--- Aim of the task ---
Each entry should be quoted word for word, including every mark of punctuation.

--- Data for processing ---
= = =

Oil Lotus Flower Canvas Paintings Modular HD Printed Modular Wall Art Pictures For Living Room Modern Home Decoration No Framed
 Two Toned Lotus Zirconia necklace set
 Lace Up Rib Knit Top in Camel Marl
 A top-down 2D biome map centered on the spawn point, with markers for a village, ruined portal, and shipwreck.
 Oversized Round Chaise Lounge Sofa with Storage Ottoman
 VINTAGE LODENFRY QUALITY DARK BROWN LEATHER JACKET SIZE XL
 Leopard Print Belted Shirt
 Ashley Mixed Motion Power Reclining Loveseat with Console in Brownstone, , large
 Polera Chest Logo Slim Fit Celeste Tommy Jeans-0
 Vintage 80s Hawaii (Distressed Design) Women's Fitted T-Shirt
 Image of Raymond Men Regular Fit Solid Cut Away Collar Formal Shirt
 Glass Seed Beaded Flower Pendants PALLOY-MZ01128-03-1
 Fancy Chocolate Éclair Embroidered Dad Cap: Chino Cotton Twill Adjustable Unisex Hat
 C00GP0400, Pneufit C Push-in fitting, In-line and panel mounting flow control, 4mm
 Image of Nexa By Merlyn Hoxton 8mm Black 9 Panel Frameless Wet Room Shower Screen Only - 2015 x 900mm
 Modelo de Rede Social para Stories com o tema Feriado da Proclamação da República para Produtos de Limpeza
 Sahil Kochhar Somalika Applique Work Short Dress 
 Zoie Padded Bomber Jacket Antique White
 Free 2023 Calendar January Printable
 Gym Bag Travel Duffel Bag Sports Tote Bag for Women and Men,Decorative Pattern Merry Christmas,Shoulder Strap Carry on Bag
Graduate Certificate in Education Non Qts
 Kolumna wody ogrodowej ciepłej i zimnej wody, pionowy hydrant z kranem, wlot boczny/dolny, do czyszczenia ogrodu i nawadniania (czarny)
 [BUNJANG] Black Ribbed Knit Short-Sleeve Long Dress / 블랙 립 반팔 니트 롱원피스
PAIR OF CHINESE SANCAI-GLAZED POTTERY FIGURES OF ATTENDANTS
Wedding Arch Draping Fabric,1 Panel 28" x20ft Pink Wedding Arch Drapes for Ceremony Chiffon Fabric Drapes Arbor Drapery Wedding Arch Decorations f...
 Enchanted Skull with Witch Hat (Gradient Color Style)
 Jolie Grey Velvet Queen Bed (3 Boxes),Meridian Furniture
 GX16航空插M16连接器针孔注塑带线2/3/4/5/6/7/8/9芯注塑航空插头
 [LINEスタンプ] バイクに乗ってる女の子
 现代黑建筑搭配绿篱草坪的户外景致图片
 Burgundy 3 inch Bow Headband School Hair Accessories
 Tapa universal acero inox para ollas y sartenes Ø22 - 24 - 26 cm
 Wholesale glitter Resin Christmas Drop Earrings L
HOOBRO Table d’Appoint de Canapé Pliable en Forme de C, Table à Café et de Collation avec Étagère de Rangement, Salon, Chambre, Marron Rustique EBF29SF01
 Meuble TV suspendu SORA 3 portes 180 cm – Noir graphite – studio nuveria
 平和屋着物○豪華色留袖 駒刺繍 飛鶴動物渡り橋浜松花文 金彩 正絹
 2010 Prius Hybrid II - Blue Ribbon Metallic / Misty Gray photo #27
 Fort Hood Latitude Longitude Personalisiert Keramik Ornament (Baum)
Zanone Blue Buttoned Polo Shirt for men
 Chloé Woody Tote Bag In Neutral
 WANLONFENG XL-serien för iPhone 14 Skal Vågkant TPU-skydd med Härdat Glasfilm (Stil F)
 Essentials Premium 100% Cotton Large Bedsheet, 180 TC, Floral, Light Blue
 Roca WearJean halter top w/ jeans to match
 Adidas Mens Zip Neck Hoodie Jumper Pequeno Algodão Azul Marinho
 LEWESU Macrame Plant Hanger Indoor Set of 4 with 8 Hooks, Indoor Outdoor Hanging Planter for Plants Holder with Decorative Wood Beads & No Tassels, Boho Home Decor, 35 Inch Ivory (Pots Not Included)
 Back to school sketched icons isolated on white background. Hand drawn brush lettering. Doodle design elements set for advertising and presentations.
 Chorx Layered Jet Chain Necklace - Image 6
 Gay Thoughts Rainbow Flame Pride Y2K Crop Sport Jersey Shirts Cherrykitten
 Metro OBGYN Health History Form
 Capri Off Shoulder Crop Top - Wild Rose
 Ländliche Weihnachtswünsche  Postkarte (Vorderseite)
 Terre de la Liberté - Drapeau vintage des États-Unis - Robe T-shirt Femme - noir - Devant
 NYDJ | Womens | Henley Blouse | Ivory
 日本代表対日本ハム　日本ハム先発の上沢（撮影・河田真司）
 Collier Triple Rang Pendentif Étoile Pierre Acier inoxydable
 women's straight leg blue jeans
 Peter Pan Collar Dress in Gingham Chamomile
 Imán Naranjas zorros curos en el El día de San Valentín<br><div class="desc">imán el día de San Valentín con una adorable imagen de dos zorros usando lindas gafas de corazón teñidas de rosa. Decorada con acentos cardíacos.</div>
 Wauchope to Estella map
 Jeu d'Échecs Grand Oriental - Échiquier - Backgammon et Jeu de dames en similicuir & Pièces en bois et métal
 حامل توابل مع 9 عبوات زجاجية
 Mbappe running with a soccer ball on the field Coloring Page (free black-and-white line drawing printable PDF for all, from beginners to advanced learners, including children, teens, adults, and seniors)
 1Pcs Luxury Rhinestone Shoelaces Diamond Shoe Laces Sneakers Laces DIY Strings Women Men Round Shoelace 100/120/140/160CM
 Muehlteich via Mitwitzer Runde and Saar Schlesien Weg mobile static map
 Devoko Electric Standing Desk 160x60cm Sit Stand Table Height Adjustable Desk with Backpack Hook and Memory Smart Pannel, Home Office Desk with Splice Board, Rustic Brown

= = =

--- Expected answer ---
Oil Lotus Flower Canvas Paintings Modular HD Printed Modular Wall Art Pictures For Living Room Modern Home Decoration No Framed
 Two Toned Lotus Zirconia necklace set
 Lace Up Rib Knit Top in Camel Marl
 A top-down 2D biome map centered on the spawn point, with markers for a village, ruined portal, and shipwreck.
 Oversized Round Chaise Lounge Sofa with Storage Ottoman
 VINTAGE LODENFRY QUALITY DARK BROWN LEATHER JACKET SIZE XL
 Leopard Print Belted Shirt
 Ashley Mixed Motion Power Reclining Loveseat with Console in Brownstone, , large
 Polera Chest Logo Slim Fit Celeste Tommy Jeans-0
 Vintage 80s Hawaii (Distressed Design) Women's Fitted T-Shirt
 Image of Raymond Men Regular Fit Solid Cut Away Collar Formal Shirt
 Glass Seed Beaded Flower Pendants PALLOY-MZ01128-03-1
 Fancy Chocolate Éclair Embroidered Dad Cap: Chino Cotton Twill Adjustable Unisex Hat
 C00GP0400, Pneufit C Push-in fitting, In-line and panel mounting flow control, 4mm
 Image of Nexa By Merlyn Hoxton 8mm Black 9 Panel Frameless Wet Room Shower Screen Only - 2015 x 900mm
 Modelo de Rede Social para Stories com o tema Feriado da Proclamação da República para Produtos de Limpeza
 Sahil Kochhar Somalika Applique Work Short Dress 
 Zoie Padded Bomber Jacket Antique White
 Free 2023 Calendar January Printable
 Gym Bag Travel Duffel Bag Sports Tote Bag for Women and Men,Decorative Pattern Merry Christmas,Shoulder Strap Carry on Bag
Graduate Certificate in Education Non Qts
 Kolumna wody ogrodowej ciepłej i zimnej wody, pionowy hydrant z kranem, wlot boczny/dolny, do czyszczenia ogrodu i nawadniania (czarny)
 [BUNJANG] Black Ribbed Knit Short-Sleeve Long Dress / 블랙 립 반팔 니트 롱원피스
PAIR OF CHINESE SANCAI-GLAZED POTTERY FIGURES OF ATTENDANTS
Wedding Arch Draping Fabric,1 Panel 28" x20ft Pink Wedding Arch Drapes for Ceremony Chiffon Fabric Drapes Arbor Drapery Wedding Arch Decorations f...
 Enchanted Skull with Witch Hat (Gradient Color Style)
 Jolie Grey Velvet Queen Bed (3 Boxes),Meridian Furniture
 GX16航空插M16连接器针孔注塑带线2/3/4/5/6/7/8/9芯注塑航空插头
 [LINEスタンプ] バイクに乗ってる女の子
 现代黑建筑搭配绿篱草坪的户外景致图片
 Burgundy 3 inch Bow Headband School Hair Accessories
 Tapa universal acero inox para ollas y sartenes Ø22 - 24 - 26 cm
 Wholesale glitter Resin Christmas Drop Earrings L
HOOBRO Table d’Appoint de Canapé Pliable en Forme de C, Table à Café et de Collation avec Étagère de Rangement, Salon, Chambre, Marron Rustique EBF29SF01
 Meuble TV suspendu SORA 3 portes 180 cm – Noir graphite – studio nuveria
 平和屋着物○豪華色留袖 駒刺繍 飛鶴動物渡り橋浜松花文 金彩 正絹
 2010 Prius Hybrid II - Blue Ribbon Metallic / Misty Gray photo #27
 Fort Hood Latitude Longitude Personalisiert Keramik Ornament (Baum)
Zanone Blue Buttoned Polo Shirt for men
 Chloé Woody Tote Bag In Neutral
 WANLONFENG XL-serien för iPhone 14 Skal Vågkant TPU-skydd med Härdat Glasfilm (Stil F)
 Essentials Premium 100% Cotton Large Bedsheet, 180 TC, Floral, Light Blue
 Roca WearJean halter top w/ jeans to match
 Adidas Mens Zip Neck Hoodie Jumper Pequeno Algodão Azul Marinho
 LEWESU Macrame Plant Hanger Indoor Set of 4 with 8 Hooks, Indoor Outdoor Hanging Planter for Plants Holder with Decorative Wood Beads & No Tassels, Boho Home Decor, 35 Inch Ivory (Pots Not Included)
 Back to school sketched icons isolated on white background. Hand drawn brush lettering. Doodle design elements set for advertising and presentations.
 Chorx Layered Jet Chain Necklace - Image 6
 Gay Thoughts Rainbow Flame Pride Y2K Crop Sport Jersey Shirts Cherrykitten
 Metro OBGYN Health History Form
 Capri Off Shoulder Crop Top - Wild Rose
 Ländliche Weihnachtswünsche  Postkarte (Vorderseite)
 Terre de la Liberté - Drapeau vintage des États-Unis - Robe T-shirt Femme - noir - Devant
 NYDJ | Womens | Henley Blouse | Ivory
 日本代表対日本ハム　日本ハム先発の上沢（撮影・河田真司）
 Collier Triple Rang Pendentif Étoile Pierre Acier inoxydable
 women's straight leg blue jeans
 Peter Pan Collar Dress in Gingham Chamomile
 Imán Naranjas zorros curos en el El día de San Valentín<br><div class="desc">imán el día de San Valentín con una adorable imagen de dos zorros usando lindas gafas de corazón teñidas de rosa. Decorada con acentos cardíacos.</div>
 Wauchope to Estella map
 Jeu d'Échecs Grand Oriental - Échiquier - Backgammon et Jeu de dames en similicuir & Pièces en bois et métal
 حامل توابل مع 9 عبوات زجاجية
 Mbappe running with a soccer ball on the field Coloring Page (free black-and-white line drawing printable PDF for all, from beginners to advanced learners, including children, teens, adults, and seniors)
 1Pcs Luxury Rhinestone Shoelaces Diamond Shoe Laces Sneakers Laces DIY Strings Women Men Round Shoelace 100/120/140/160CM
 Muehlteich via Mitwitzer Runde and Saar Schlesien Weg mobile static map
 Devoko Electric Standing Desk 160x60cm Sit Stand Table Height Adjustable Desk with Backpack Hook and Memory Smart Pannel, Home Office Desk with Splice Board, Rustic Brown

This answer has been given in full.